We made a difference. But every day for those four years, I worked on the project, even on my days off, and I paid the price.
One of the key principles of many of the creation stories integral to the major religions is the concept of having a day of rest. I’m old enough to remember the days when almost every business closed on Sunday. Sundays were a time for church, socializing and family dinners. You wouldn’t drive by a construction site and see workers, there would be no road works, no grocery shopping and no car sales.
Things are different now. But should they be?
Just as I worked myself to exhaustion because I didn’t give my brain a rest, many of us have given up on the thought of having a day off each week.
Many of the women I know work all week, and the weekend is for working at home, doing laundry and cooking up a storm for the coming week. Many of the men I know work five or six days a week and on their days off, they’re busy fixing up the house, completing the honey-do list.
Business owners work seven days a week to ensure that their business – which they now feel needs to be open seven days a week – is running smoothly. Many business owners, even on their day off, are thinking about the business. They can’t shut their minds off.
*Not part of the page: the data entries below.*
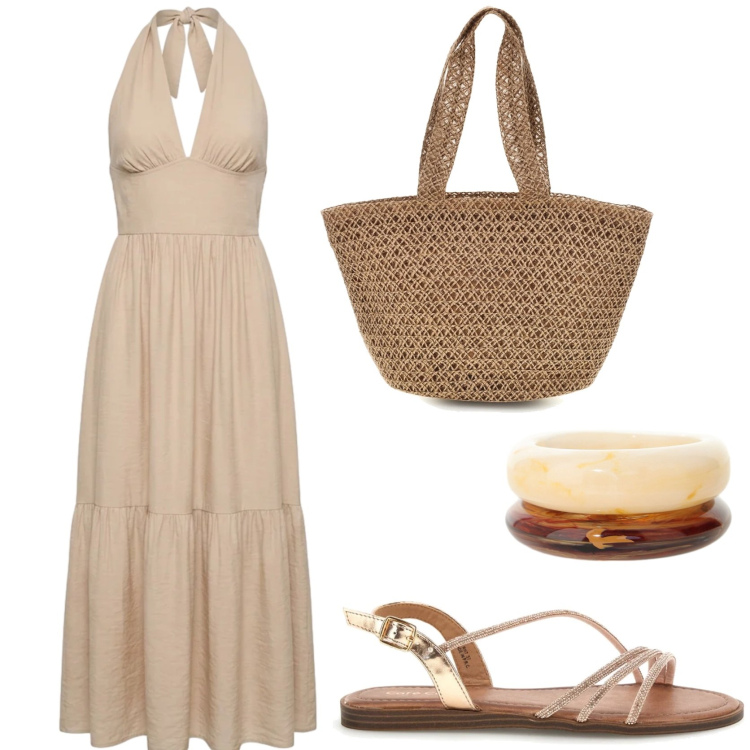 Outfit donna - L\' abito fresco e comodo. Stile Urban per Tutti i giorni. Abbinamento con vestiti lunghi, braccialetti, borse tote, sandali.
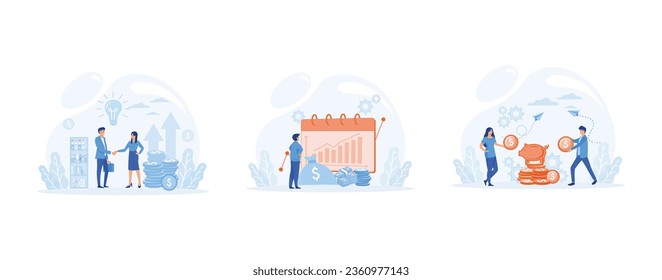 Partnership, venture investment. Income growth chart, Family Budget, Future Financial Planning.  set flat vector modern illustration 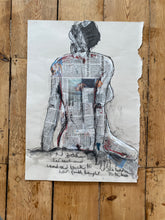 Load image into Gallery viewer, &#39;stretching her neck&#39; mixed media drawing on paper
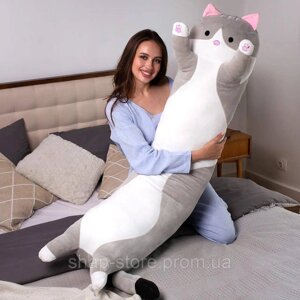 М'яка іграшка-подушка Кіт Батон 130 см, Дитяча подушка для обіймів антистрес Сірий Кіт Батон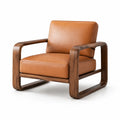 Fauteuil rétro contemporain en bois brun et revêtement cognac avec accoudoirs, 76 × 82 × 78 cm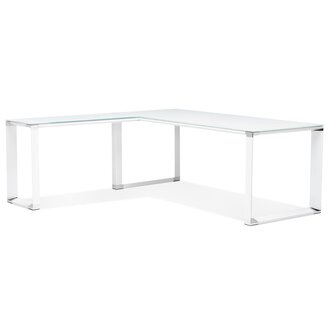 Groot hoekbureau van wit glas &#039;XLINE&#039; (hoek naar keuze) - 200 cm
They’re frazzled trying to figure out how to get the business working better, how to get it making money.
But does all this busyness pay?
My partner in our retail stores insisted from day one that we be open long hours, seven days a week. While I disagreed, he put up the money and had a little more pull than I did.
For many years, being open late and on Sundays were conveniences for our customers that didn’t really pay. A few years ago, we cut back our hours and measured the difference. I also decided to start closing one of our locations on Sunday to see if it would make a difference. It was difficult to find staff who wanted to work Sundays. In reality, Sunday sales were only marginal.
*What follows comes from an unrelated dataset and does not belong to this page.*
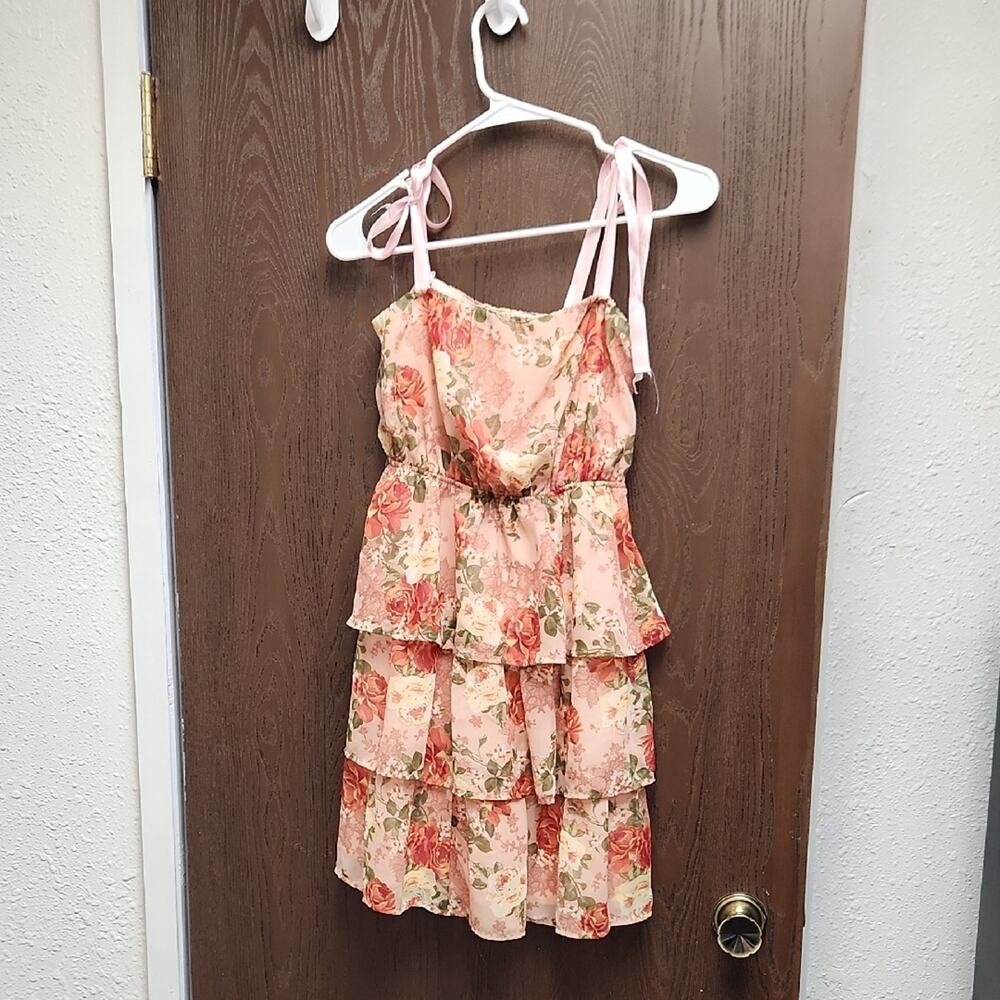 🚨2/$25 or 5/$50🚨Rue21 Floral Peach Tiered Kids Dress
Cutting our hours and closing on Sundays did make a difference – a positive difference!
Closing Sundays didn’t hurt the business. In fact, our sales didn’t drop. People who shopped on Sunday now came during the week. Saturdays and Mondays became a little busier.
When we cut our hours and closed Sundays, the business became more profitable because our labour costs were reduced. My staff were happier since they didn’t have to work Sundays and could spend time with their families. Everyone seemed more rested.
As business owners, we think we need to continue to drive harder. We imagine we need to push ourselves, our staff and our organizations to work more, go further and have greater sales.
But our bodies end up saying no, our minds need a rest and our staff need to have breaks. Even our customers seem to appreciate us more if there is some scarcity.
Working harder doesn’t make more money. Working smarter does. We need time off to think about other things, to pursue recreation to refresh our minds and bodies, to socialize to refresh our spirits, and contemplate to replenish our souls.
If I could have turned my brain off more during our air quality campaign, or closed that store on Sundays years before, or had more do-nothing days with my family, I believe I’d be further ahead today. And I wouldn’t be suffering the lasting effects of years of chronic stress.
How often do you have do-nothing days? Is your body starting to say “No!” to working so hard? Does your business really need operate all the hours you’re open?
Perhaps the great religions have it right about having a day of rest. Think about how you can work less so you can earn more.